O desembargador Luiz Mendonça o convidou para ser, no Tribunal, um revisor de textos, e ele tranquilizou-se por algum tempo, mas, veio a determinação do Conselho da Magistratura para afastar a todos os contratados com mais de 70 anos e aposentados. O conselheiro Carlos Pinna o levou para o Tribunal de Contas, onde não havia a restrição para exercer o mesmo oficio, e ele lá ficou até o término do mandato de Pinna como presidente. Quase se fixou em Canindé, entusiasmado que estava como professor do curso de excelência em português e matemática que o município manteve até que sobreviesse o desastre da queda de 40% na arrecadação, consequência dos erros clamorosos ocorridos no sistema elétrico, causando a redução do ICMS pago pela Usina Xingó. O poeta refugiou-se na sua poesia e continuou criador e criativo, mas, a ânsia das contas avolumando-se de mês a mês o torturava, e talvez essa tortura o tenha levado ao infarto fatal.
Destino ingrato para um intelectual que além das glórias acadêmicas, necessitava, pelo menos, do reconhecimento ao seu valor, à sua importância como ator social atuante, que sempre depositou na  arte a crença de fazê-la instrumento da evolução do povo.

O PROCURADOR HELI NASCIMENTO



O PROCURADOR HELI NASCIMENTO
Heli Nascimento foi, por toda a vida, uma pessoa extremamente reservada e discreta. Isso, desde os tempos de estudante quando também ajudava o pai, atendendo no balcão da Livraria e Papelaria Nascimento. Como os demais irmãos e irmãs, todos se encaminharam para as poucas faculdades que então existiam em Aracaju ou foram buscar o diploma superior em outras cidades ou o oficialato nas Agulhas Negras. Sobre o depois íntegro e diligente Procurador de Justiça que foi Heli Nascimento, o ecrevinhador sente-se devedor de um público depoimento pessoal, fugindo, assim, à impessoalidade com que sempre procura traçar estas linhas.

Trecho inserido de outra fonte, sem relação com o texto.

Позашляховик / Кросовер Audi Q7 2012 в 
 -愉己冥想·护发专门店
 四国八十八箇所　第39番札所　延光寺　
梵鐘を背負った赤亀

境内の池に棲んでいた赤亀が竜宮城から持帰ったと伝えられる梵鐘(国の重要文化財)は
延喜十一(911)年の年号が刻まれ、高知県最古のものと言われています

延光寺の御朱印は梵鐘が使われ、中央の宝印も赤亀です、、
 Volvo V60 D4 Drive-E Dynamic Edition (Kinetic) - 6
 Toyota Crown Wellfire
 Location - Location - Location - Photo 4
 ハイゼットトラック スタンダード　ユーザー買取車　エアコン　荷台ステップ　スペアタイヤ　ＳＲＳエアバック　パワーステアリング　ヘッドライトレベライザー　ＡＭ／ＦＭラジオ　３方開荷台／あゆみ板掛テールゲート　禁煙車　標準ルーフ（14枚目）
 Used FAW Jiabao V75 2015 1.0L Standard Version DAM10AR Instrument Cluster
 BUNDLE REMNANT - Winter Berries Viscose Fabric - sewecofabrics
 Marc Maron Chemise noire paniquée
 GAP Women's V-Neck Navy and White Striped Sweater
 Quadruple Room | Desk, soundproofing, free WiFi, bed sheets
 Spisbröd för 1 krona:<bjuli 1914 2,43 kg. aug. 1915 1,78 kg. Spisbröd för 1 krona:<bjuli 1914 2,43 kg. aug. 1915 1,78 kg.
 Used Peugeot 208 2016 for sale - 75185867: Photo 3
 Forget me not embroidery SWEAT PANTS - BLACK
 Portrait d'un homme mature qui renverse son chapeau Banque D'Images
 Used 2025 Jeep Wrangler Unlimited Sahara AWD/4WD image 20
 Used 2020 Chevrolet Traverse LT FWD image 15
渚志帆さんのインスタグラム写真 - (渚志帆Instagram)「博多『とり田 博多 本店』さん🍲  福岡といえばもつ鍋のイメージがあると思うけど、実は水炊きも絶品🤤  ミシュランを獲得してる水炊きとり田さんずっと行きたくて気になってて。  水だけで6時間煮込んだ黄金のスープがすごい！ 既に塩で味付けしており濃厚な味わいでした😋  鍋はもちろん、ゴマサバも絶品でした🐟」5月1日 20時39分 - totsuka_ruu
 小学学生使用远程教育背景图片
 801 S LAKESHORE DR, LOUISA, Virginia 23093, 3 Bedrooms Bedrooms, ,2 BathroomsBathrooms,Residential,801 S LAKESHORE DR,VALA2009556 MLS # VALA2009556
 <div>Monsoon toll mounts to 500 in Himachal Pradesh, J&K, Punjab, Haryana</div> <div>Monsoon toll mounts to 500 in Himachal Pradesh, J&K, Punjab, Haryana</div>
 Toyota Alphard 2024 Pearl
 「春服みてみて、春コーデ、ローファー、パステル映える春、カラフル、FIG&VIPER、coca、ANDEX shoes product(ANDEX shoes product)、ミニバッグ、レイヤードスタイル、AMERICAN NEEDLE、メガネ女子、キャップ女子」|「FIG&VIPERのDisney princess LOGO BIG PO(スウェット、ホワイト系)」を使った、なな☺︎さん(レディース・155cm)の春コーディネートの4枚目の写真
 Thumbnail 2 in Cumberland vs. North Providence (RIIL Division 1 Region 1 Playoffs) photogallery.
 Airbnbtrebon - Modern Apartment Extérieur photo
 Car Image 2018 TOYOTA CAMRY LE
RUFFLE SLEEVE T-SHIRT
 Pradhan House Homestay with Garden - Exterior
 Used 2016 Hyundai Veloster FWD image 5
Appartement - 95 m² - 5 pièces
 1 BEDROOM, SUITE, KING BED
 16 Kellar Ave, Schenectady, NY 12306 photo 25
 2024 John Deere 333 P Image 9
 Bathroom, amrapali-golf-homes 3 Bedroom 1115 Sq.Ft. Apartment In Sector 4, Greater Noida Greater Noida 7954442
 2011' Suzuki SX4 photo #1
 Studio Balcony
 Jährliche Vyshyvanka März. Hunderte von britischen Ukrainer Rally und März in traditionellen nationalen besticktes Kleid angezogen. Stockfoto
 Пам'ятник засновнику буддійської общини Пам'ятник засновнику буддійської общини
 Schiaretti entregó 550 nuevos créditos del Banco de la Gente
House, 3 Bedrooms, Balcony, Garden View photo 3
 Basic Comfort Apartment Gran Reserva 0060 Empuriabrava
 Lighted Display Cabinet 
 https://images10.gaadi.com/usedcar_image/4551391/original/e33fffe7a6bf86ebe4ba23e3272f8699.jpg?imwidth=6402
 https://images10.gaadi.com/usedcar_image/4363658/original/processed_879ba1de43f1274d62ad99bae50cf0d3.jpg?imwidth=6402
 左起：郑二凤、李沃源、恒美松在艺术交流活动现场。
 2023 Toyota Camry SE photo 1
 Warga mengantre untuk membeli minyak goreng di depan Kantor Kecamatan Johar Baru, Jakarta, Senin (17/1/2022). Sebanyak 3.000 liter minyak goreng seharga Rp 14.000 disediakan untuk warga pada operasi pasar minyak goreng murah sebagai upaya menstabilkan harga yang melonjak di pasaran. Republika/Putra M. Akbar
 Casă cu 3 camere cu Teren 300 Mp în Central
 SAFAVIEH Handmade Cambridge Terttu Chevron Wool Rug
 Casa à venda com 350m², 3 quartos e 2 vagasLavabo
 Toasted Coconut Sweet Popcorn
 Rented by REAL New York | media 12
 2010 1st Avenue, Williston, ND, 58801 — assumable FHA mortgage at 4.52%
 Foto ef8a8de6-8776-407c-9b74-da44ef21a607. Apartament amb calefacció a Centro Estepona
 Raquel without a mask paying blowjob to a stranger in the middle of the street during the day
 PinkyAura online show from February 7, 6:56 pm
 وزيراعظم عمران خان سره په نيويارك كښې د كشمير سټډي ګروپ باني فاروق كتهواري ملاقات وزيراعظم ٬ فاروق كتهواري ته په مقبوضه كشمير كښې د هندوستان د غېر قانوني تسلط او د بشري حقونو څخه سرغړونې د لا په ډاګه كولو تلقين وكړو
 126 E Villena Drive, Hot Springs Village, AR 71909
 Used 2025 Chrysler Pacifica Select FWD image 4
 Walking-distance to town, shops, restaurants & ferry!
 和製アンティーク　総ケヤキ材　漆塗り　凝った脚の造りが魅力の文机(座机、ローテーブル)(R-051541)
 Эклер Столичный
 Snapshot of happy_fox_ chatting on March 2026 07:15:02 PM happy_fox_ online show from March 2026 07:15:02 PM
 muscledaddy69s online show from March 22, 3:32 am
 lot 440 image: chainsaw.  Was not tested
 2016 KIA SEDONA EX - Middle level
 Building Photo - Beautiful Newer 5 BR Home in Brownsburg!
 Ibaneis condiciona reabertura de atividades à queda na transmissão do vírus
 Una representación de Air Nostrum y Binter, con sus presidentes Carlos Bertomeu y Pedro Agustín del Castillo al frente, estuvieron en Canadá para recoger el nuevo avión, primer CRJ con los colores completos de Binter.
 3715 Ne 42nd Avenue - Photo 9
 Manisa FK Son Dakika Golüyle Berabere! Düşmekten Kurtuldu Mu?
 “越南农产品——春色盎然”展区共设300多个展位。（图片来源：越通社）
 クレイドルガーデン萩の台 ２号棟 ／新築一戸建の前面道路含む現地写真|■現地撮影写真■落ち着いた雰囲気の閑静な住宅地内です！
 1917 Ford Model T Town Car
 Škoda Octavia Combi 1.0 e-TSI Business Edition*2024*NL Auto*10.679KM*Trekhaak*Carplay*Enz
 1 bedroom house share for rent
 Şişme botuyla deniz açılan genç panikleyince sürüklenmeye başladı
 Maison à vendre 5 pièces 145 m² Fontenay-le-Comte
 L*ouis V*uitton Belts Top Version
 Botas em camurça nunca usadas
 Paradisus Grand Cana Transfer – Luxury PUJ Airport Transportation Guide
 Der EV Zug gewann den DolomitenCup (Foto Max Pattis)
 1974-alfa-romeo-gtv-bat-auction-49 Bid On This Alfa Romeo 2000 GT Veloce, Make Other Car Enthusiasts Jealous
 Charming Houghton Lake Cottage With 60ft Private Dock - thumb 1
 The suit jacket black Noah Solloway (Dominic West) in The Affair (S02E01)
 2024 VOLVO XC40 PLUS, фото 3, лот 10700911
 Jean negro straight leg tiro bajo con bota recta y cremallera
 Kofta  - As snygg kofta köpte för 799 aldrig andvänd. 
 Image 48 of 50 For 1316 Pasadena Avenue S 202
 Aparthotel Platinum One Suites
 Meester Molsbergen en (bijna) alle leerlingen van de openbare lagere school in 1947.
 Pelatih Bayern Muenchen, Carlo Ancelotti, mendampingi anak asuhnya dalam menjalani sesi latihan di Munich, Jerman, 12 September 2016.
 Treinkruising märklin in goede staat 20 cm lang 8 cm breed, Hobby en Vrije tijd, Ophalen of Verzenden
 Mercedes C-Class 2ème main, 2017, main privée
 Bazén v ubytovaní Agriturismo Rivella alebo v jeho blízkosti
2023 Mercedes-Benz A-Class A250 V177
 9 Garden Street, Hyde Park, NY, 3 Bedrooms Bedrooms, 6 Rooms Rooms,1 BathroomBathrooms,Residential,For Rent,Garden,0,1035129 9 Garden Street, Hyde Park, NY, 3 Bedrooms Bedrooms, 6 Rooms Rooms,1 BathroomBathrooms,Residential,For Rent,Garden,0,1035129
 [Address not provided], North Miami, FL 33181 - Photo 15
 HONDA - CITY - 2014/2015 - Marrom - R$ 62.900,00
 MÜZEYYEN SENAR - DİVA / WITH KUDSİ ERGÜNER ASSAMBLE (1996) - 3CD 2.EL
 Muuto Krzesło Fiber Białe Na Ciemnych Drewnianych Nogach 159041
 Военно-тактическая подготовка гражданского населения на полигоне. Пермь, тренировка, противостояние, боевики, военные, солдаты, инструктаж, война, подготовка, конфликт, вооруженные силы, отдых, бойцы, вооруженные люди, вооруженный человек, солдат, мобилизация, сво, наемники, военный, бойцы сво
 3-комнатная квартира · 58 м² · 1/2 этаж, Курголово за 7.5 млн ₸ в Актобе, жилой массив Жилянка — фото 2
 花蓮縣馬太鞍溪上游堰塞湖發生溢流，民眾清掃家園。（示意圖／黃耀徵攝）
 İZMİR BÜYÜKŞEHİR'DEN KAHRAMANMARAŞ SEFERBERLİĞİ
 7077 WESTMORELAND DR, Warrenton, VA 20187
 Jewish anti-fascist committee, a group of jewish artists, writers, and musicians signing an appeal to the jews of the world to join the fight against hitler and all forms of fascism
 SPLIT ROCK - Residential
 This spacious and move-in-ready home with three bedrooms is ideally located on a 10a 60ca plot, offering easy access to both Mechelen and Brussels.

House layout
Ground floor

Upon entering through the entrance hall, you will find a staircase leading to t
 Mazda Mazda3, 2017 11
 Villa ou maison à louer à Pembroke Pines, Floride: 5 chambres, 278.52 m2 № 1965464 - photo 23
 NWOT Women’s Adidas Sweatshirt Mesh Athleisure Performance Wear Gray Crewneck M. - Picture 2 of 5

Numa tarde de 8 de dezembro de 1972, feriado santo em Aracaju, o escrevinhador dormia  em sua casa na então quase deserta Atalaia, após uma caranguejada regada a cerveja. A esposa o acorda para informar-lhe que havia, na porta, uma patrulha da Marinha para levá-lo até a Capitania dos Portos, convocado pelo Capitão de Corveta Eduardo Pessoa Fontes. Antes mesmo de levantar-se a patrulha armada já estava no seu quarto, e o escrevinhador foi posto num Jeep, todavia sem mal tratos ou sequer ofensas verbais. Além do constrangimento pela situação insólita, não houve maiores contratempos até o ingresso na sala onde se encontrava o Capitão dos Portos. O militar estava na cabeceira de uma mesa, parecia presidir mais uma reunião da tenebrosa Comissão Geral de Investigações, um poder discricionário que o regime militar atribuíra à Marinha de Guerra. À mesa estavam alguns oficiais e os promotores Heli Nascimento, Carlos Leite, e o contador Poconé, todos, retirados de suas atividades normais, e convocados para integrarem a temida CGI. Quando o escrevinhador devidamente escoltado transpôs a porta da sala, o Comandante contra ele investiu aos gritos, o segurou e ameaçou espancá-lo. Foi quando o promotor Heli Nascimento levantou-se da cadeira e colocou-se entre o escrevinhador e o militar, logo depois sendo seguido pelo promotor Carlos Leite.
Gestos assim, que hoje pareceriam comuns e até indispensáveis, diante de tais situações naqueles dias, seriam impensáveis se partidos de pessoas que estavam subordinadas a uma autoridade militar. O promotor Heli Nascimento ao ouvir um dia o agradecimento do escrevinhador, disse que nem mais se recordava do gesto, o que era mais uma demonstração da forma exemplar como desempenhava suas funções.